Home

Google shall wither too

Gunar Gessner

Gunar Gessner

Aug 1, 2020

I've found myself an interesting problem space. Something that I can personally relate to. Something that I want to fix in the world. So what is sharecropping? It's like when the king would lend you a piece of land, which you and your family cultivated, and in return were allowed to keep a small percentage of its produce. There's an analogy to the digital age. Platforms like Medium keep most and often all of the revenue to themselves. We create the content with our sweat and toil, and we give it to these platforms for free, in exchange for what, likes and "followers"?

What are likes? Instant gratification. Social approval. Nothing to see here. What are followers? You could argue that's power.
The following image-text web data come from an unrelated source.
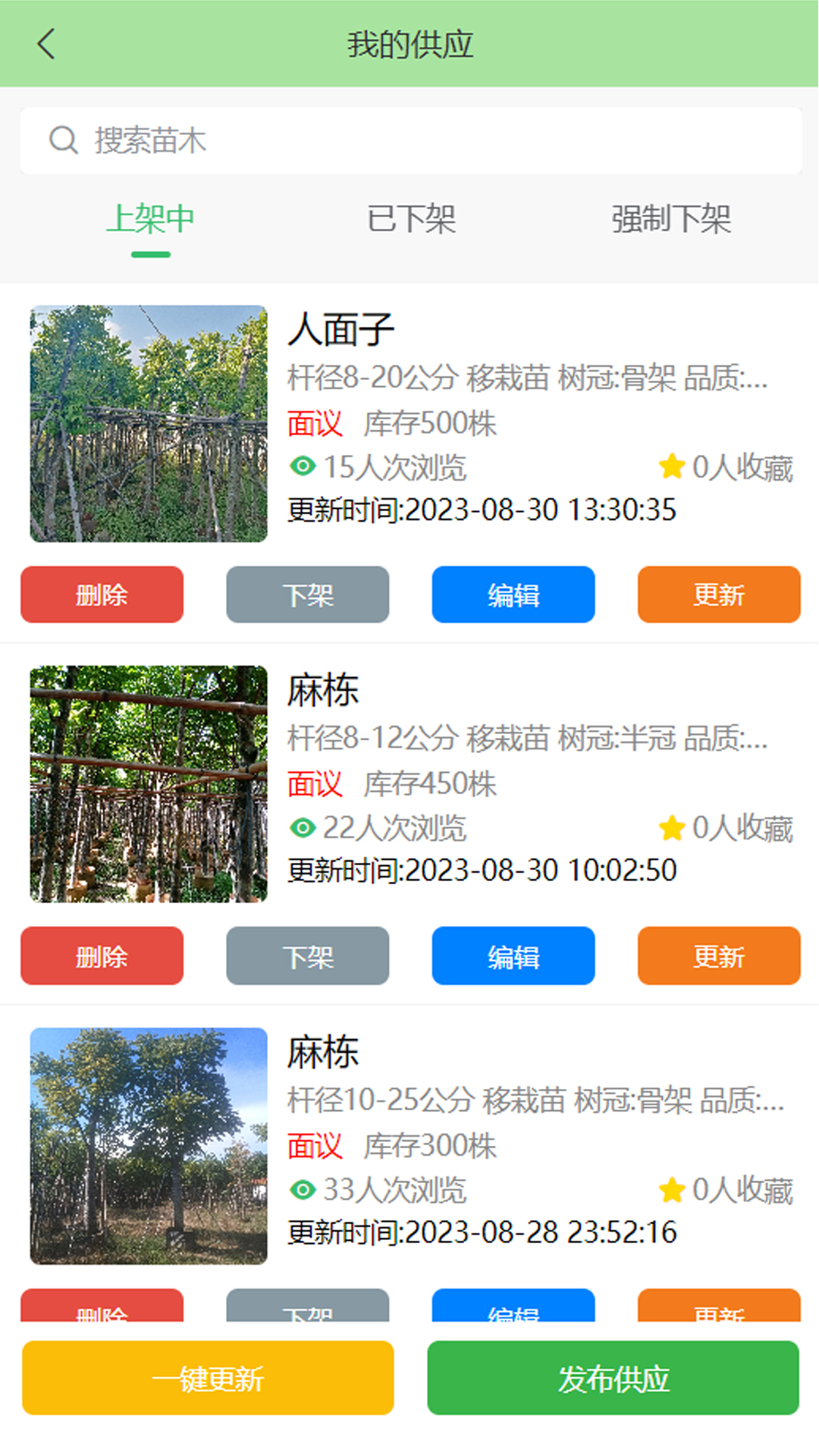 点苗报价截图3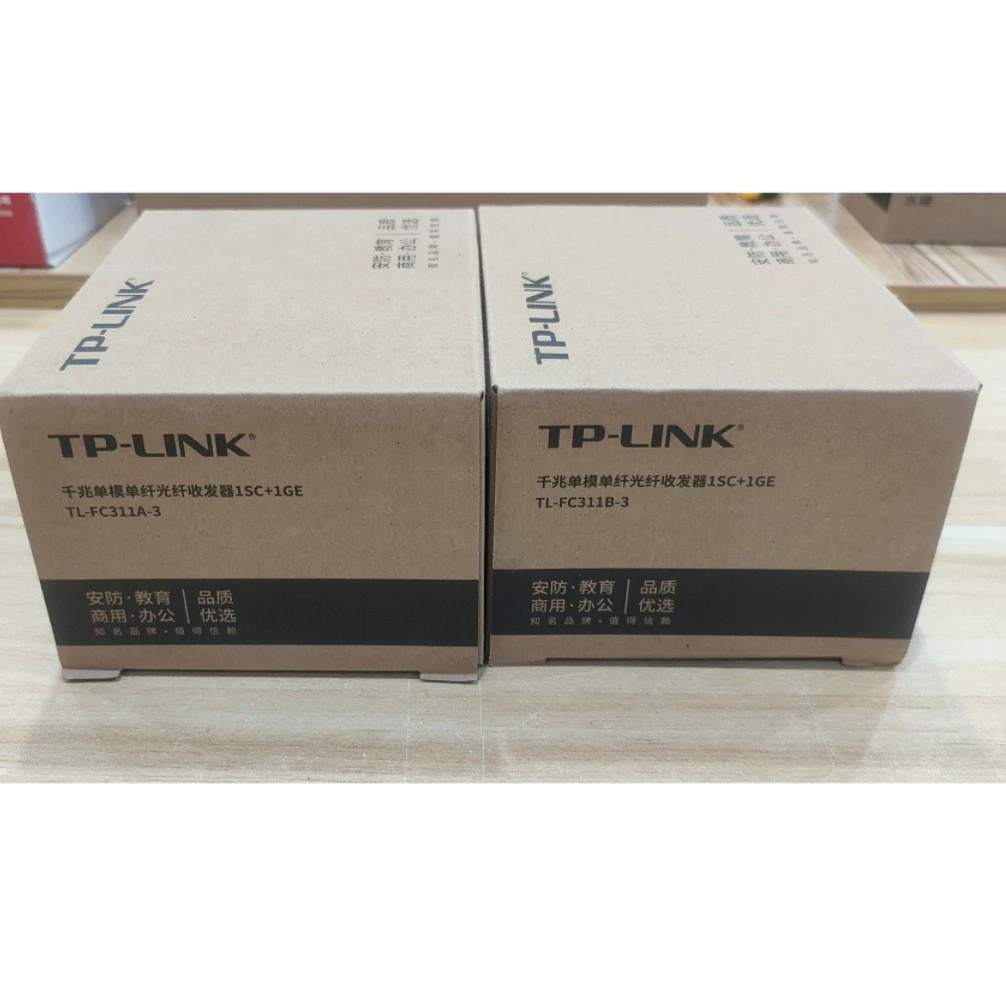 TP-LINK TL-FC311AB-3km Гигабитный оптоволоконный трансивер, одномодовая пара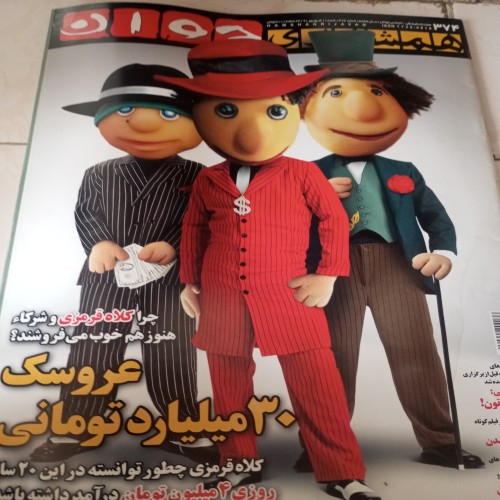 فروش مجله همشهری جوان سال 1391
You get the power to reach a large number of people, influence their thinking, and possibly turn that influence into cash or favors. Now, remember Blogger? Remember Tumblr? What happened to all your followers from back then? You lost them. Platforms are like empires. They come and they go. We never know how long they will last. Another thing might have lost is your data. All those blog posts, with no easy export function.

So what is king? King is having the web traffic going through a domain you control. It's owning your data, but also controlling it. If you have users coming directly to your domain, you can place ads (if you'd like), you can add a call to action (which Medium forbids), and ultimately you can forward those visitors to another page, or another URL entirely. You have complete control over the platform you use to communicate with your audience. You own the platform. You are the platform.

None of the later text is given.